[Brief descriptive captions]
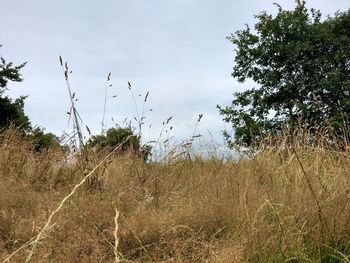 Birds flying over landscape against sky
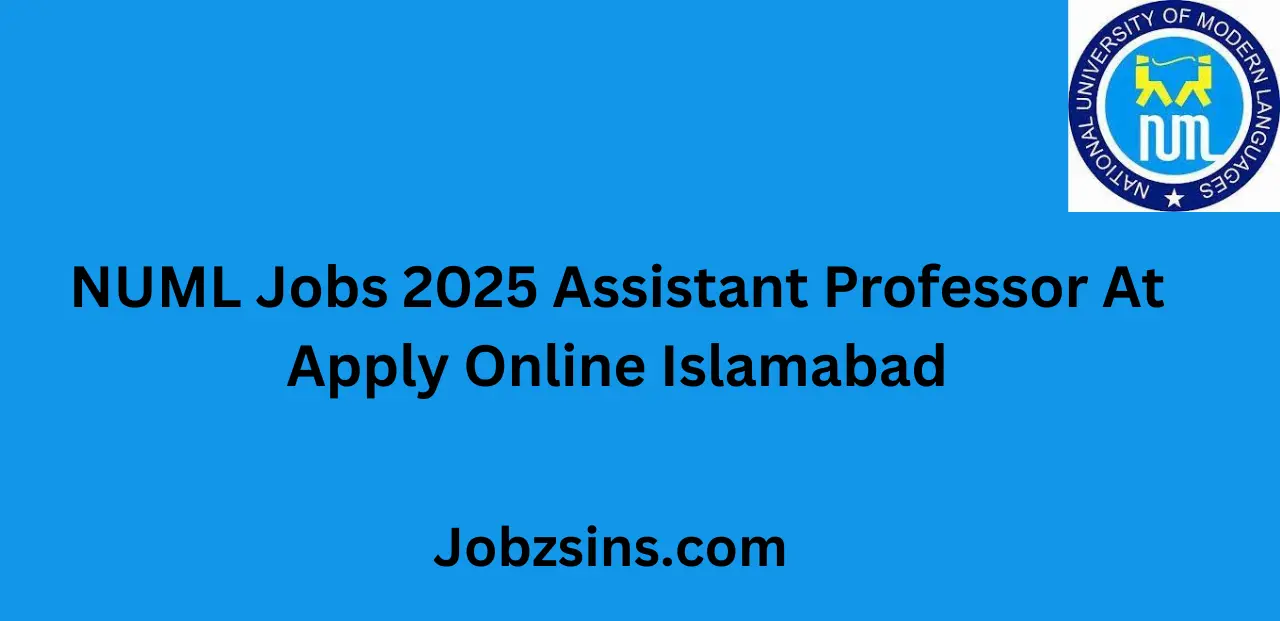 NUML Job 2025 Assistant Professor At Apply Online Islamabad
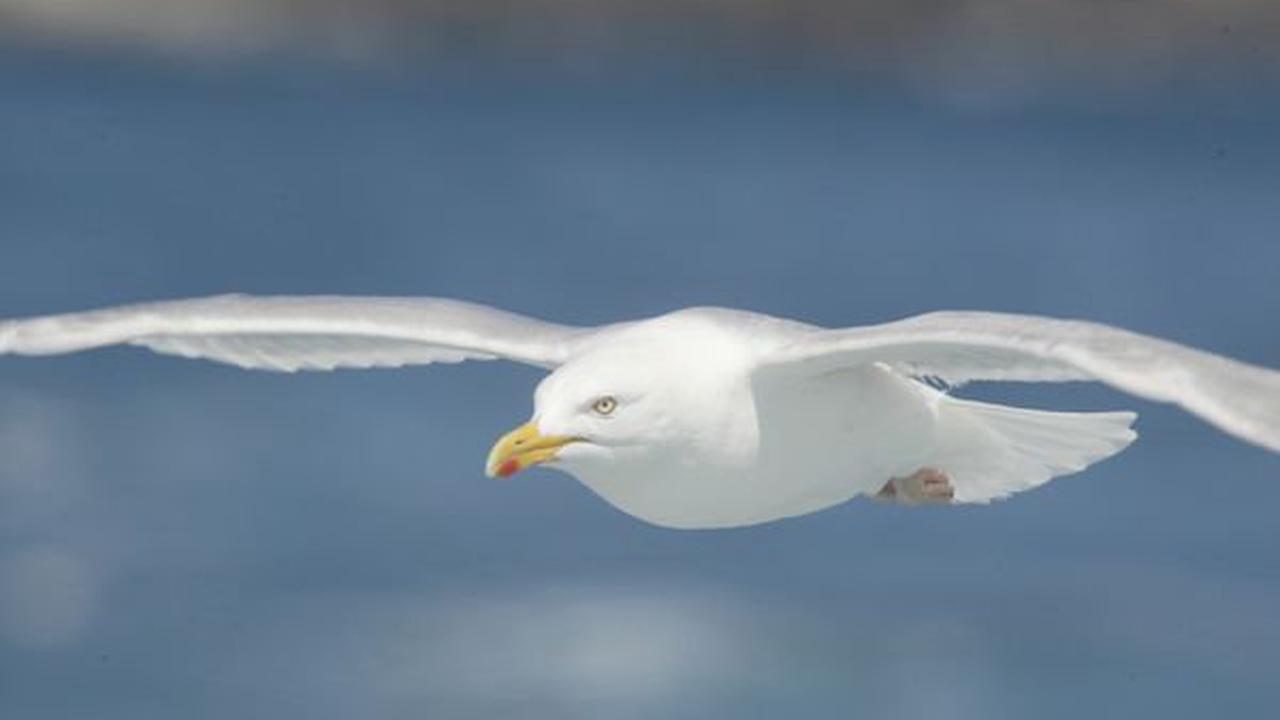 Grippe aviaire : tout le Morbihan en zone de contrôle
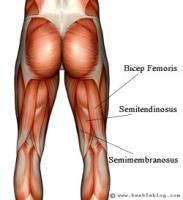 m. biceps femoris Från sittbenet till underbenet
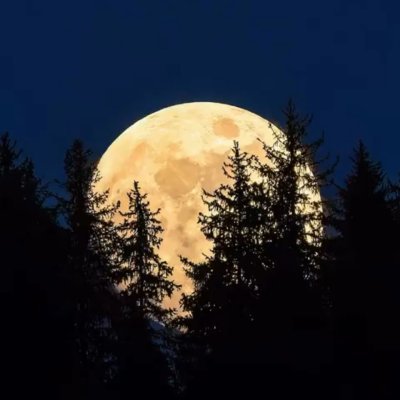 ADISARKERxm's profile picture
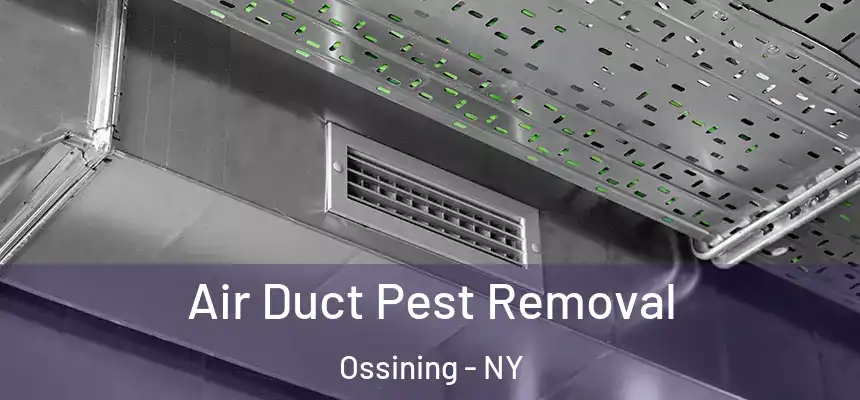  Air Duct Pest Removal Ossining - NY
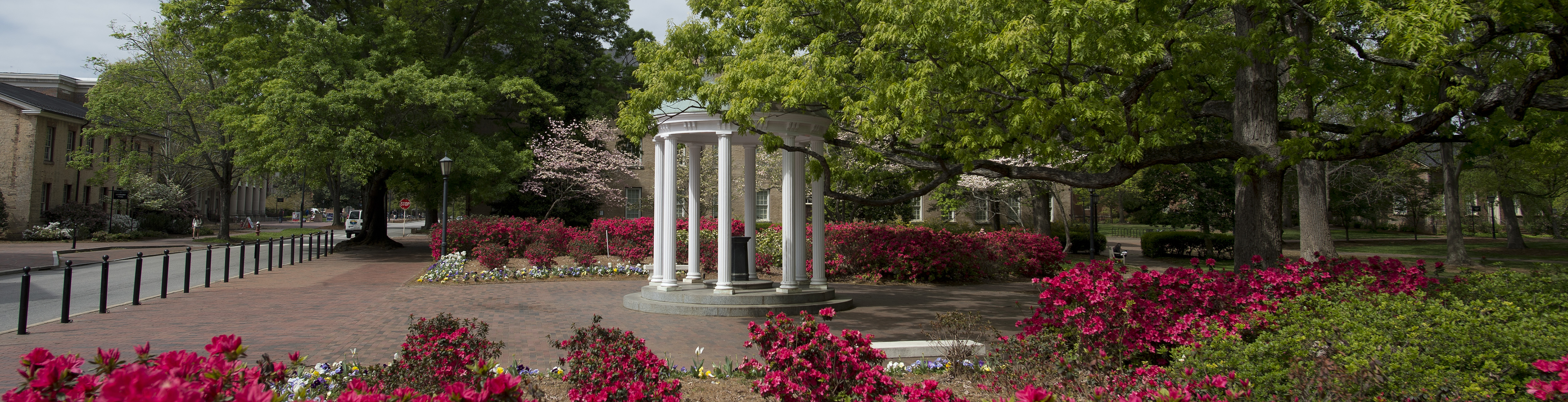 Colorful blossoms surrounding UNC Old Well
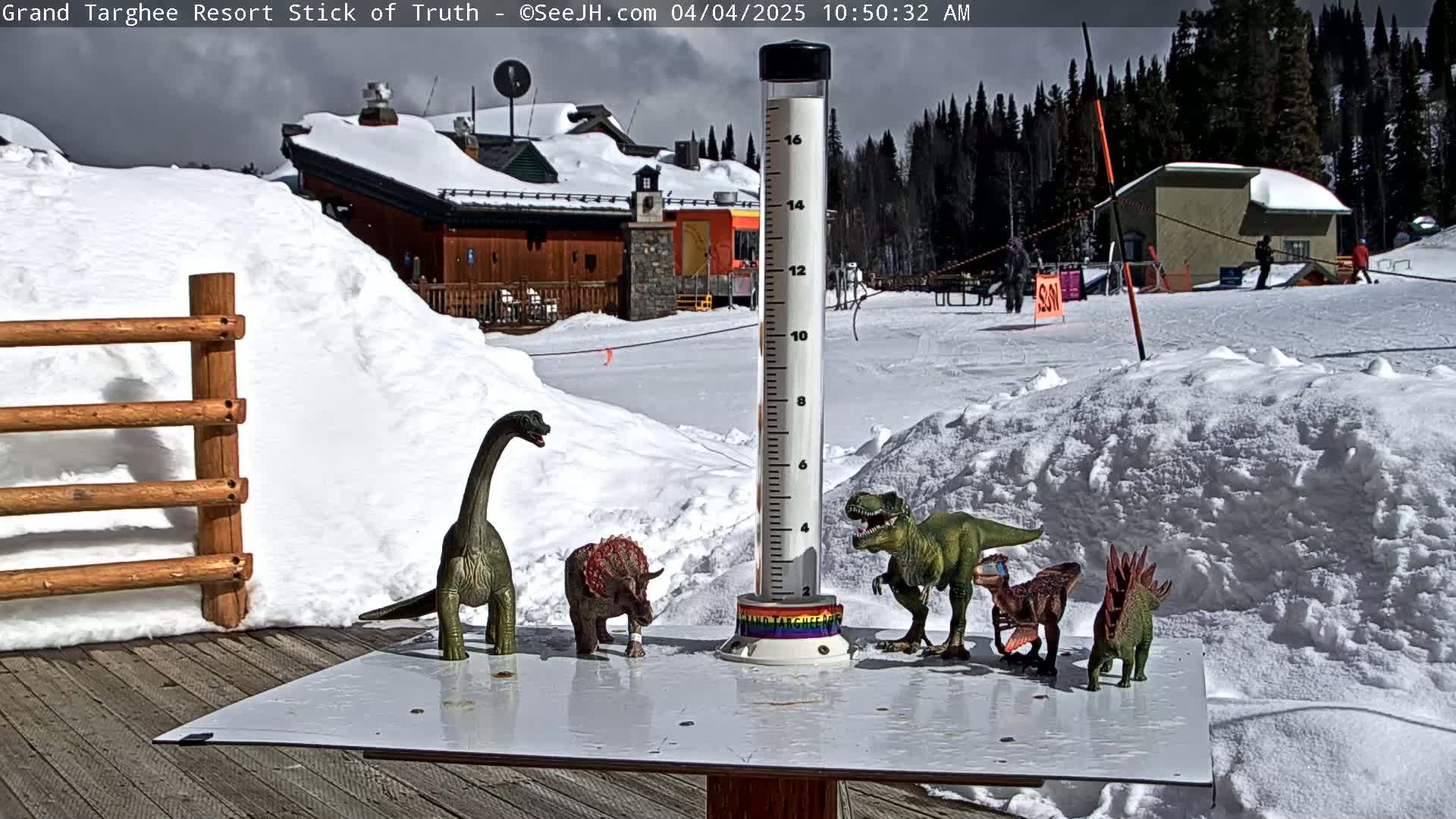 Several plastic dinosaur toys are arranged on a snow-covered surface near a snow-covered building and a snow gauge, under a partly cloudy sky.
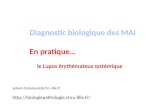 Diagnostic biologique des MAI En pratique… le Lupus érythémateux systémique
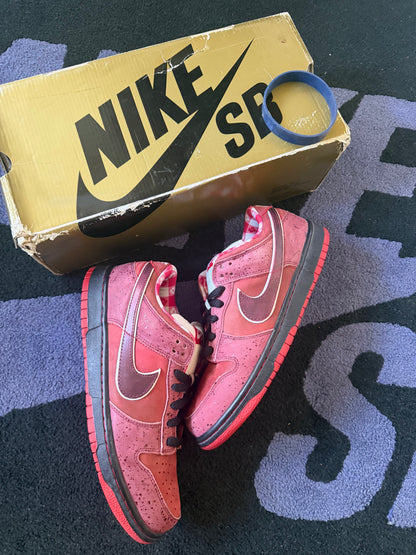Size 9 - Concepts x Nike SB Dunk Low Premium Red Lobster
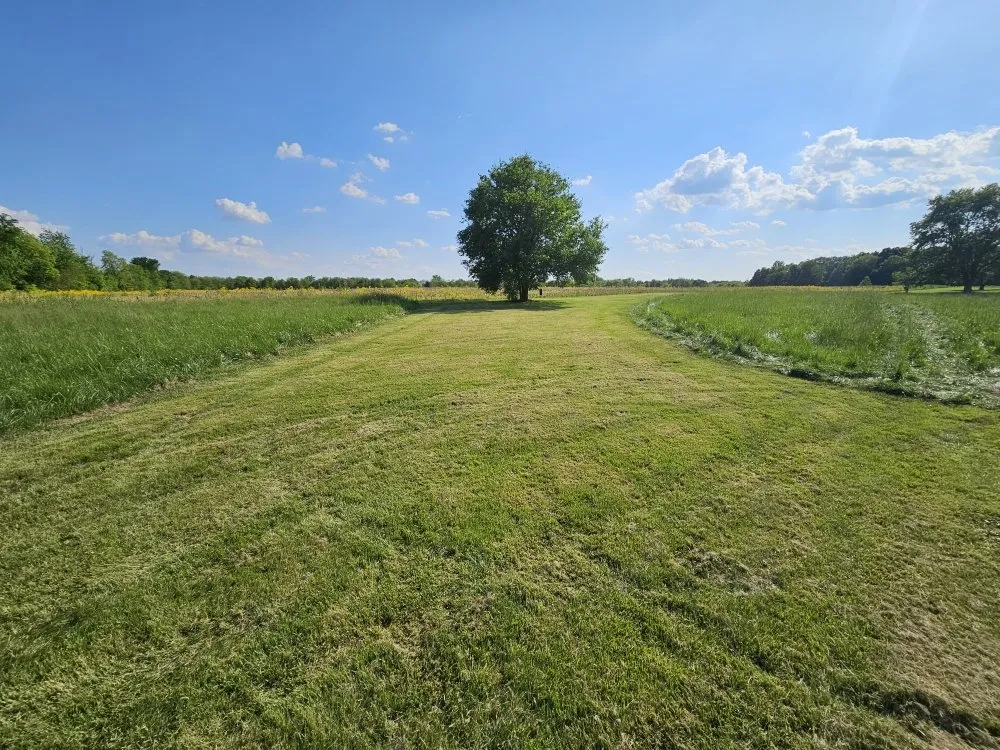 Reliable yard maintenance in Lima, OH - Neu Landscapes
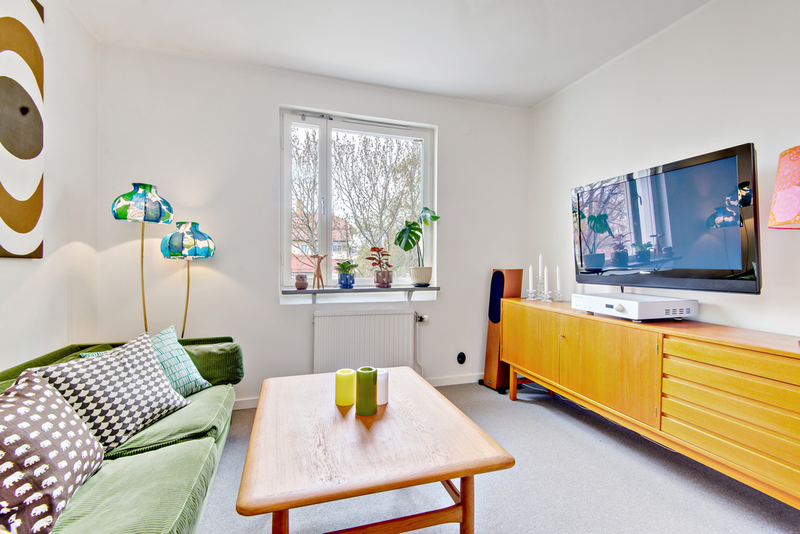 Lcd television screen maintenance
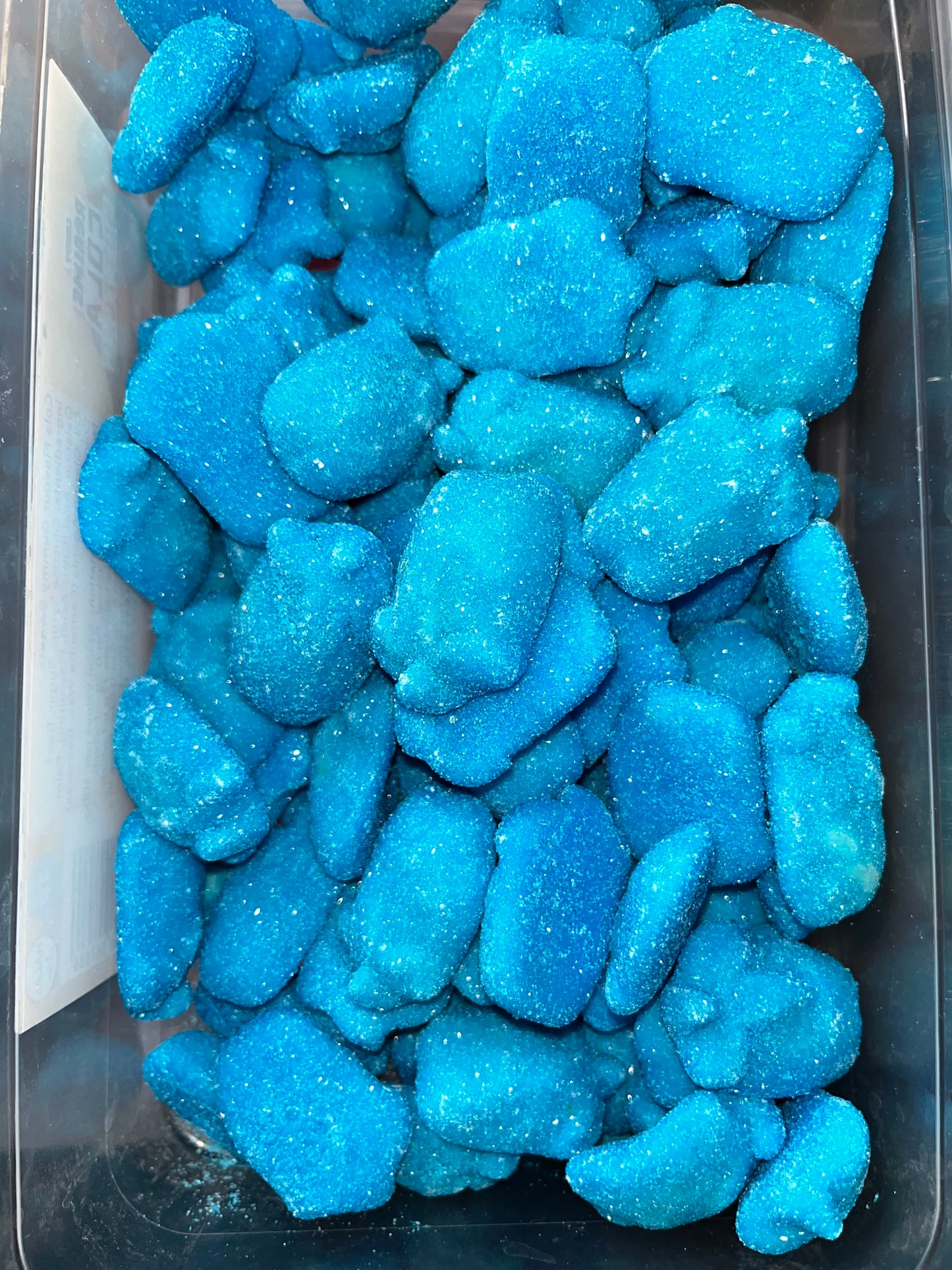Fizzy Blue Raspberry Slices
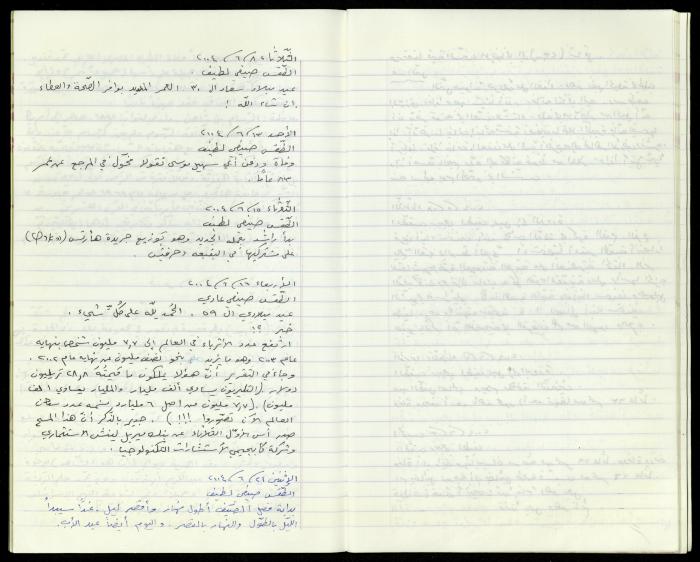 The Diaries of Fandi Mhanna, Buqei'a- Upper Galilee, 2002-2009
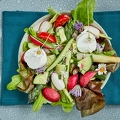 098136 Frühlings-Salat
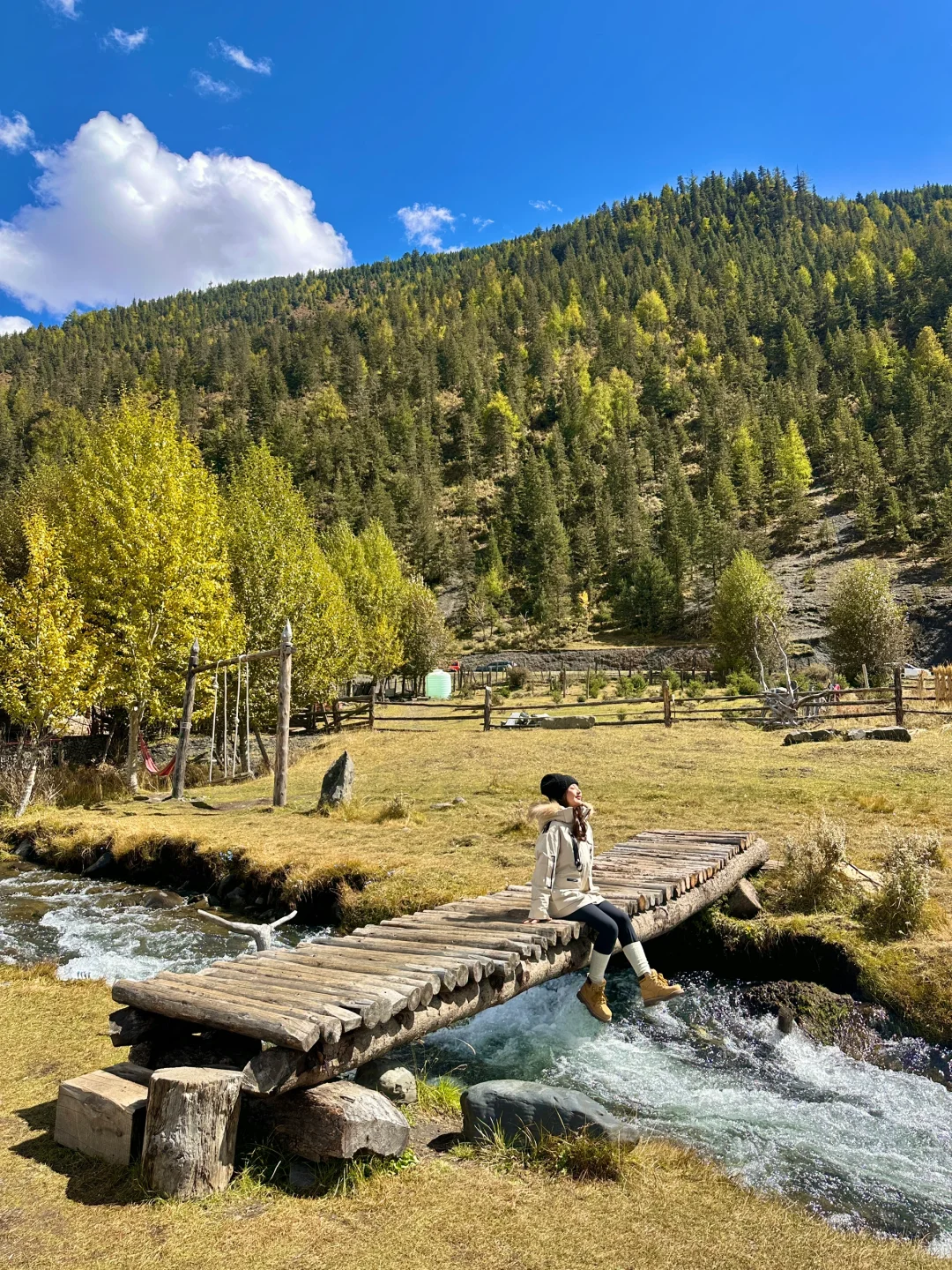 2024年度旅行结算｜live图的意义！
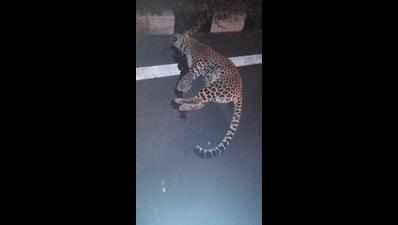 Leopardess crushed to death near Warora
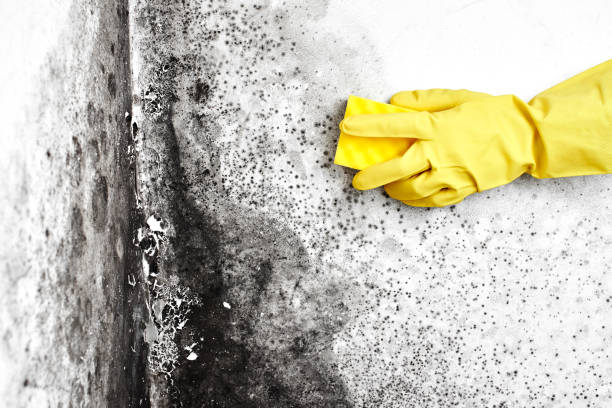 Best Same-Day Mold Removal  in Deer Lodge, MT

- **Assignment**: Please set down only the lines from the first line of the records above through the line that has "Fizzy Blue Raspberry Slices", exactly, and not the pictures.

- **Written solution**:
 Birds flying over landscape against sky
 NUML Job 2025 Assistant Professor At Apply Online Islamabad
 Grippe aviaire : tout le Morbihan en zone de contrôle
 m. biceps femoris Från sittbenet till underbenet
 ADISARKERxm's profile picture
  Air Duct Pest Removal Ossining - NY
 Colorful blossoms surrounding UNC Old Well
 Several plastic dinosaur toys are arranged on a snow-covered surface near a snow-covered building and a snow gauge, under a partly cloudy sky.
 Diagnostic biologique des MAI En pratique… le Lupus érythémateux systémique
Size 9 - Concepts x Nike SB Dunk Low Premium Red Lobster
 Reliable yard maintenance in Lima, OH - Neu Landscapes
 Lcd television screen maintenance
Fizzy Blue Raspberry Slices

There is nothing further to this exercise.